Dayang Hajah Rosmawatty binti Haji Abdul Mumin visited rice farmers across Brunei Muara, Tutong, and Belait. She sat with them and held a dialogue. She came back with their words in her hands — not as statistics, but as the practical things they told her needed fixing. Then she brought those words into the Legislative Council chamber and ended her contribution with a line that deserves to sit near the centre of this entire session:
Feedback is a gift.
Three words. But they carry the weight of nine days of debate.
Because this session has spent nine days and a BND6.3 billion budget discussing what the country needs. And again and again, the people who know the answer most clearly are not always the ministers in the chamber. They are the farmers in the fields, the parents managing school runs alone, the families in Temburong driving past the one EV charging station that only works if you own the right brand of car. They are already giving their feedback — in their choices, their struggles, and their workarounds. The question is whether the system is treating it like the gift it says it is.
Day Nine was the first sitting after Hari Raya. The Yang Di-Pertua opened with a call for semangat berkobar-kobar — a burning spirit — to finish the work ahead. The session covered two ministries in Question Time and four in the Committee Stage across morning and afternoon sittings. It was dense, detailed, and at times candid in ways that earlier days were not. And woven through all of it was a single question that kept returning in different forms:
who is the system actually built for?
What Was Raised
The farmers who are already doing it right — and what they need
Brunei imports over 90 per cent of its rice. That figure alone should concentrate minds. And it has — the national rice self-sufficiency rate has improved from 4.7 per cent in 2017 to around 8 per cent in 2024. That improvement did not come from a policy document. It came from farmers who showed up, planted, and delivered. The top 20 farmers are earning between BND200,000 and close to BND1 million a year. The model works when it is properly supported.
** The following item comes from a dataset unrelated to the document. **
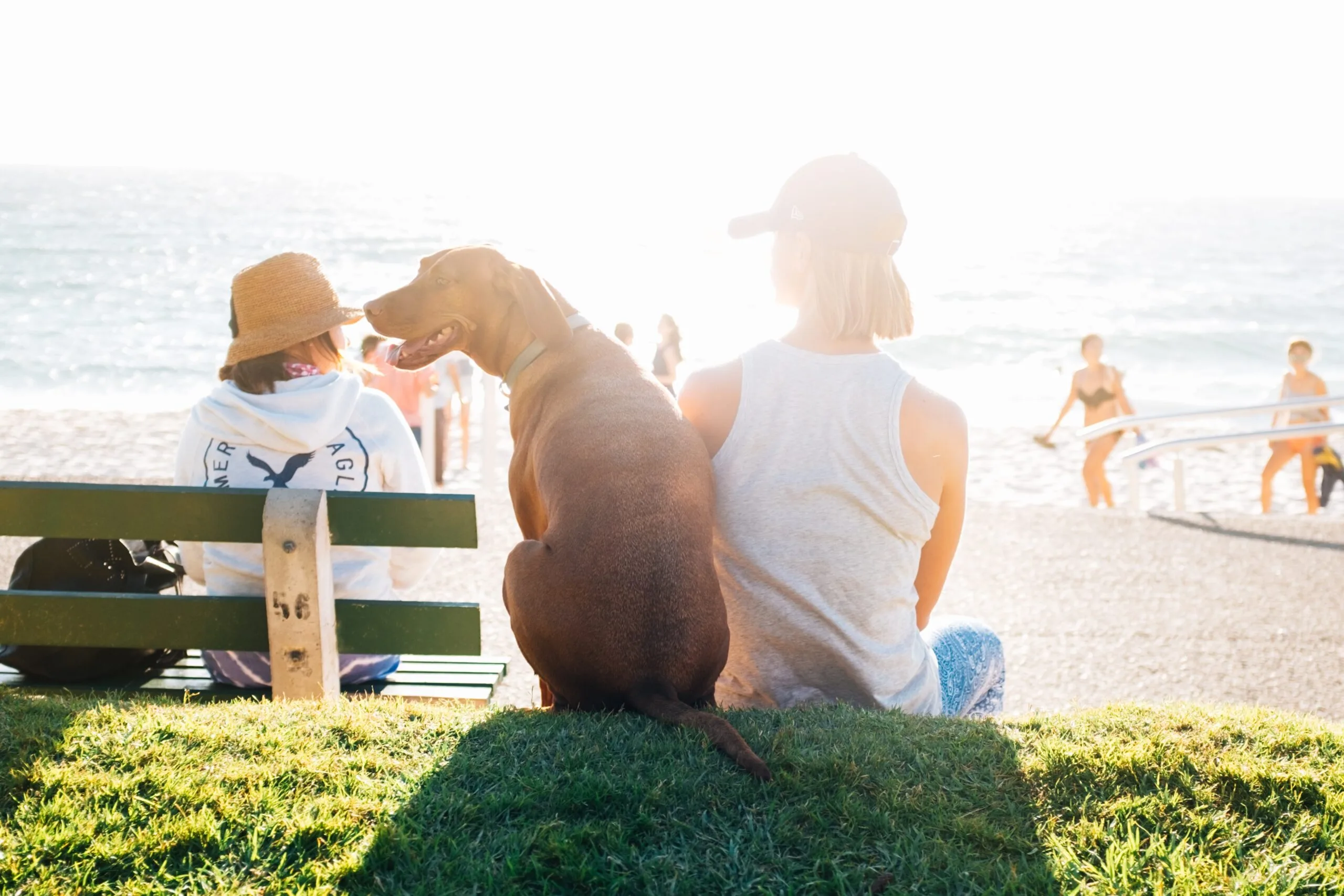 Woman sitting on the beach next to a dog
But here is the paradox Rosmawatty brought into the chamber. The rice production project under the national development plan has a planned allocation of BND1.82 million. In the last financial year, only BND36,000 of that was spent.
That is not a rounding error.
That is a food security project running at about two per cent of its intended budget.
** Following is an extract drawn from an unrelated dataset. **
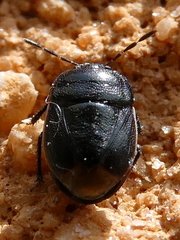 Legnotus limbosus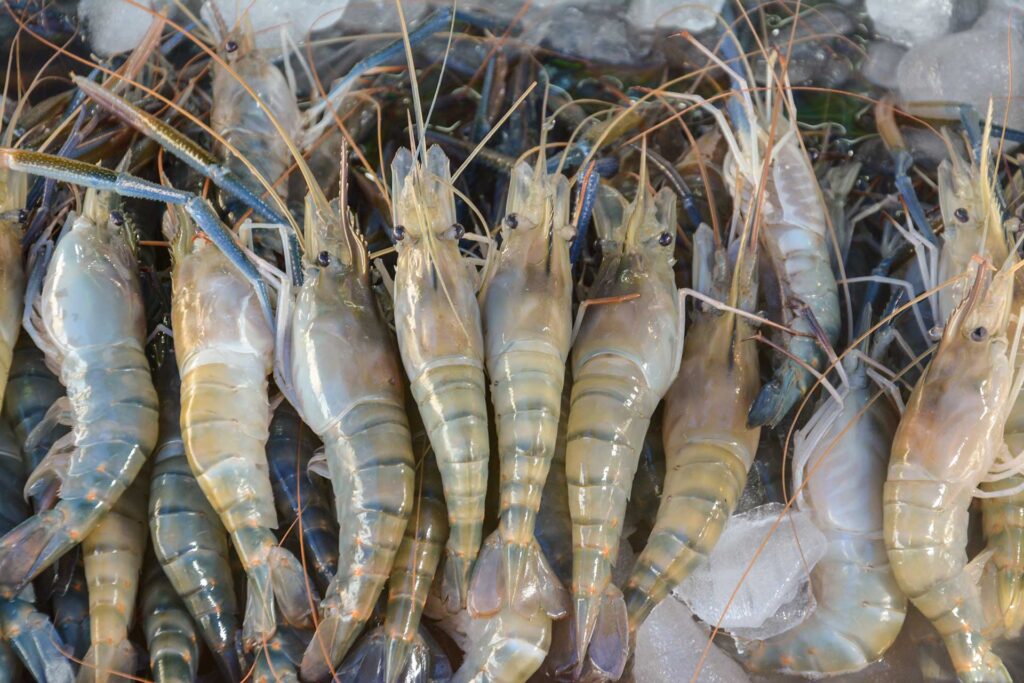Crab 5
And when she sat with the farmers and asked them what they needed, they did not ask for grand policy changes. They asked for three things.
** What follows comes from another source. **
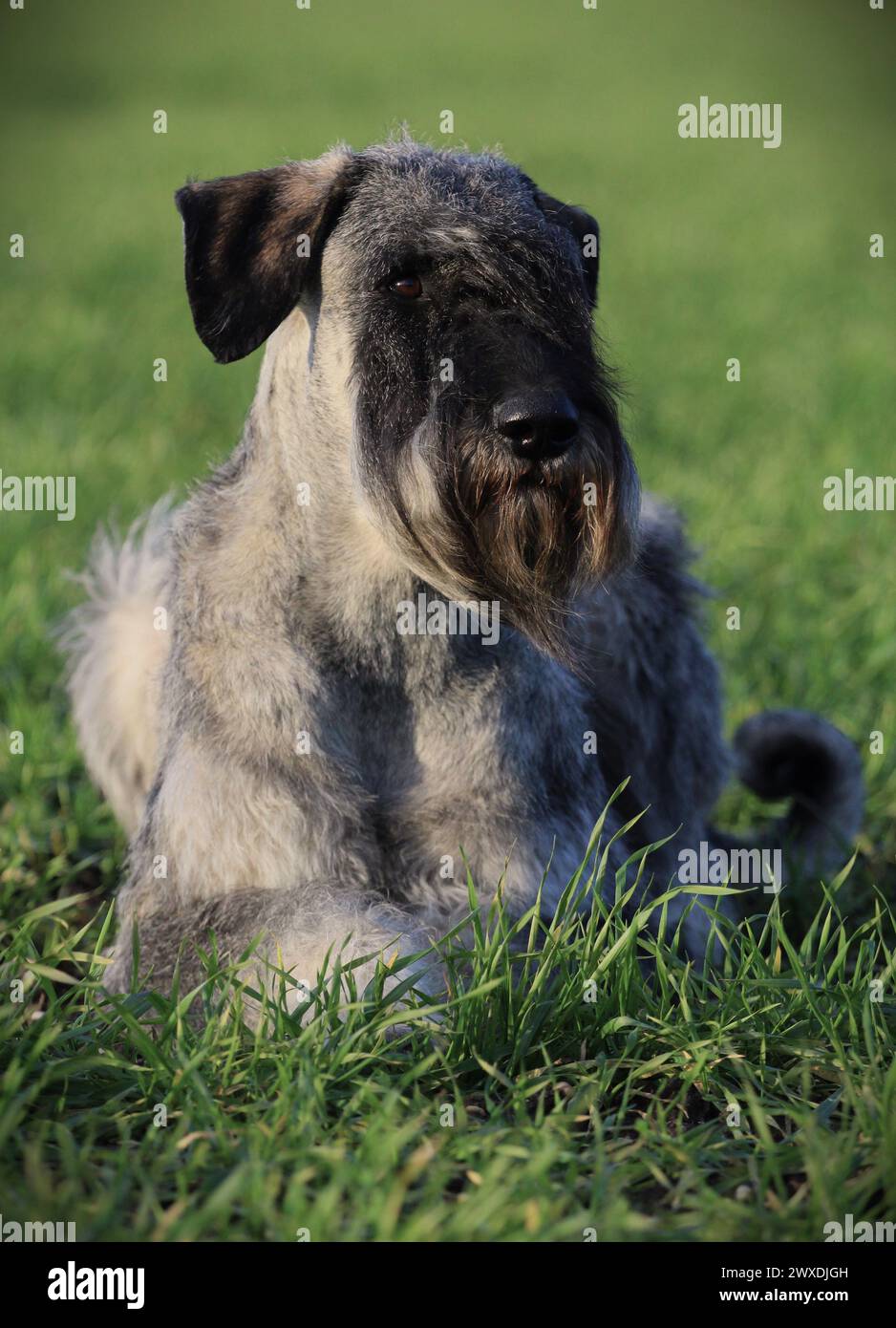 Porträt eines Riesenschnauzers Pfeffer und Salz Stockfoto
— More certified seed suppliers — right now, there are only three in the entire country, and supply is not enough to meet the programme's targets.
— More field visits from ministry officials — not inspections, but genuine engagement, where someone comes and listens to what is working and what is not.
— Stronger field leadership, so farmers at the grassroots level have a coordinator who can help solve problems without waiting months for a response.
These are not impossible things to provide. They do not require a new law or a major policy redesign.
They require attention.
Now place that alongside this: the government is preparing for Visit Brunei Year 2027 with a tourism budget that has nearly doubled from BND1.9 million to BND3.9 million. There is a task force for education tourism. A visit to Singapore is planned within two weeks to discuss bringing students here. Dedicated marketing pushes into North America, Europe, and the Middle East are underway. Health tourism packages are being developed with JPMC. Islamic tourism packages are already in motion.
None of that is wrong. Tourism matters. Economic diversification is urgent.
But the contrast is difficult to ignore.
Big ambitions tend to attract budgets, task forces, and movement.
The farmer growing rice to feed the country is still waiting on three seed suppliers and a project barely moving on paper.
The nation says food security is a priority.
The budget, at least for now, suggests a different tempo.
The model works when it is properly supported. The question is why support seems to arrive faster for large, visible initiatives than for the people already growing the food.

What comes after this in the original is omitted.